Although soilless agriculture has been utilized throughout human history, the modern introduction to the technology was lead by William Frederick Gericke when he grew 25 foot high tomato vines without soil, using a nutrient rich water solution. This grand achievement drove more and more research to the technology, and its advantages were discovered on a mainstream level.

So, how do you actually implement hydroponics? Let’s start with the definition. According to Google, hydroponics is “the process of growing plants in sand, gravel, or liquid, with added nutrients but without soil.”. So basically hydroponics is the sciency way of saying soilless agriculture. Simple, right? Well… not so much when you get into the implementation details.

There are quite a few ways to implement hydroponics. The simplest way is to put a plant in a pot with a growing medium — a substance that doesn’t supply nutrients to the plants but supports the roots — and hand water it with a solution infused with the needed nutrients. This is the essence of soilless agriculture. All the plant needs is oxygen, a variety of nutrients, light, and it will grow. No need for soil or the constraints that come with it. While this may seem simple, getting an optimal yield requires knowing the intricacies of plant growth and applying this knowledge to each aspect of the hydroponic environment. For clarity, I’ll break down the different complexities associated with each part of hydroponic growth: The Solution, The Growing Medium, The Lighting, and The System.

The Solution

The solution is the lifeblood of your hydroponic system. The yield, health, and resilience of the crops you grow depends on a well-crafted solution. Sometimes it’s difficult to create a perfect solution, however, because the exact amount of specific nutrients in the solution depends on the plant you’re growing.

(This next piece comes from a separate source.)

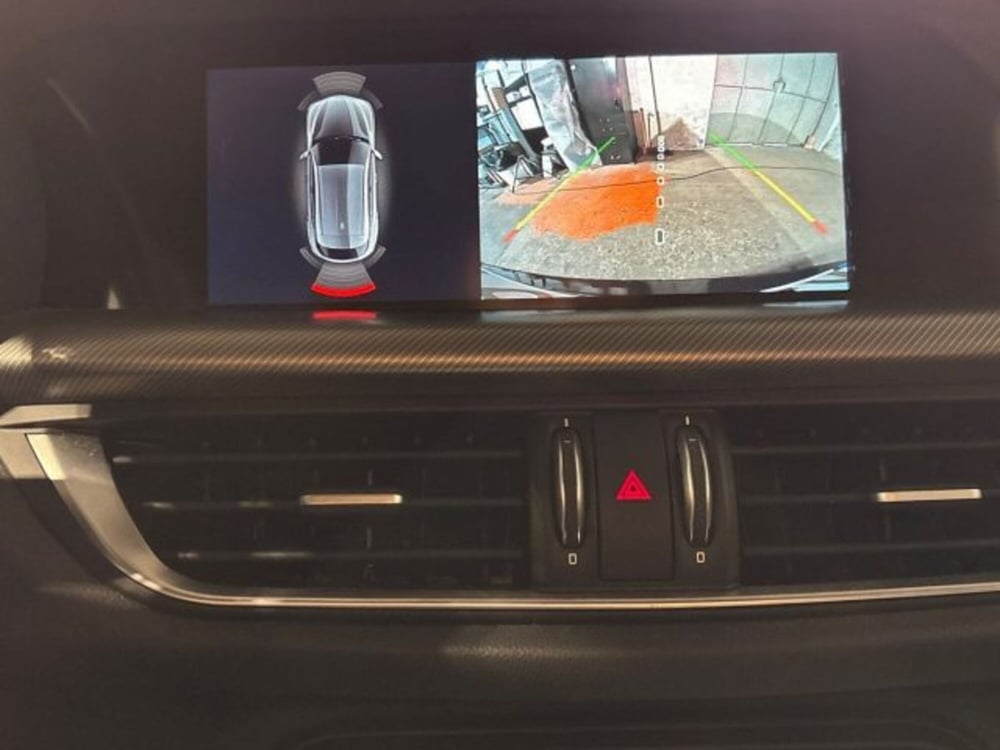 Alfa Romeo Stelvio usata a Bologna (12)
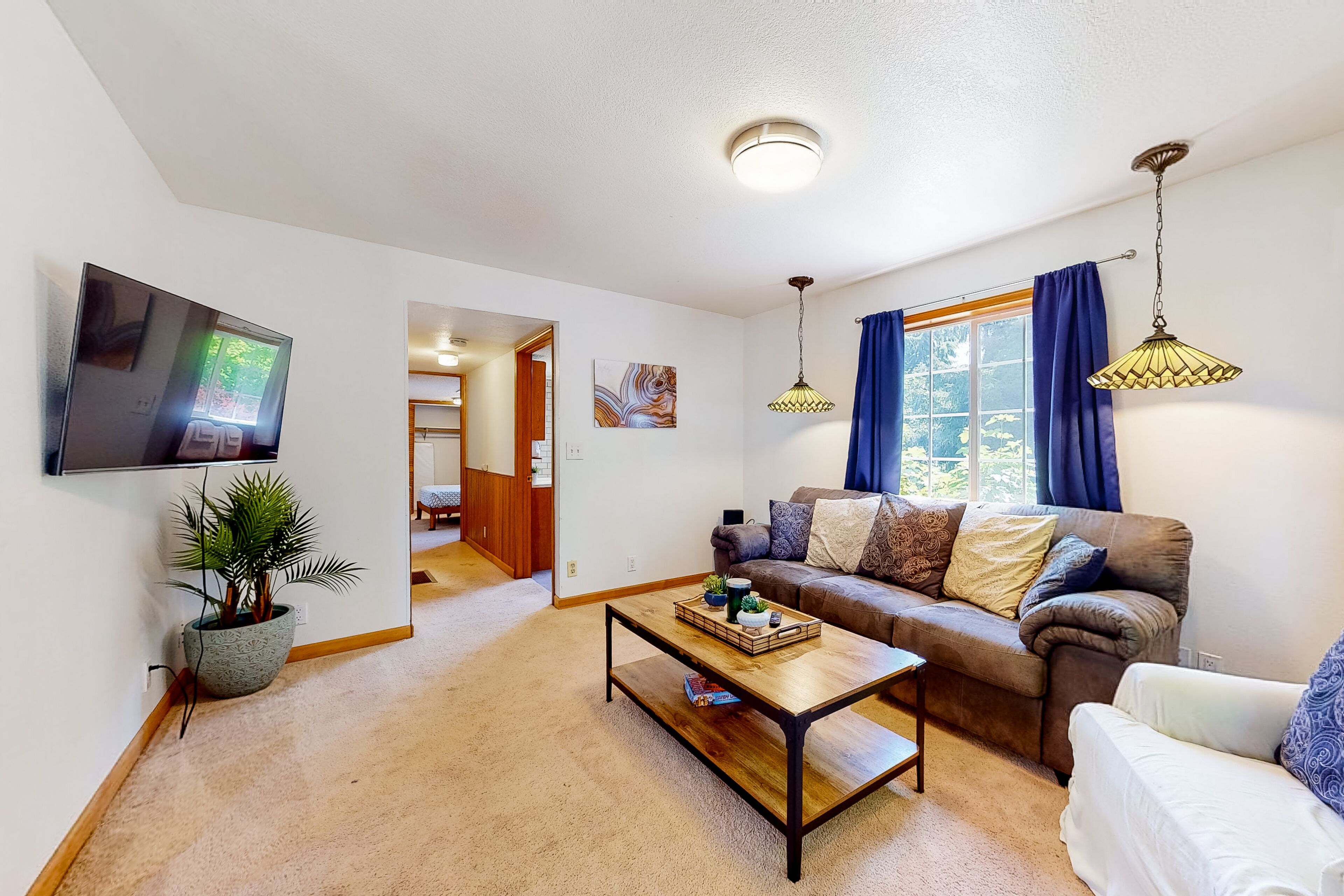 Inviting home with full kitchen, patio, firepit, & W/D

What are the steps to creating a balanced and fruitful solution for your system? It all starts with the water. Whether you’re using tap, filtered, or water from rain buckets (not recommended — I would filter it first) you should get a laboratory analysis of your water. In this analysis, pay close attention to the alkalinity of your base water — it will give you a good indication of how to devise your fertilizer strategy. If you have high alkalinity, the pH of your end solution will tend to be higher. The pH of your solution is one of the key factors in determining the health of your plants, and you want to keep it in the range of 5.5 to 6.5 for most plants.

After you have your water source figured out, you need to gather all the needed nutrients. The types of nutrients in your solution are primary and secondary nutrients (nutrients that plants need a lot of) and micronutrients (trace amounts of specific materials).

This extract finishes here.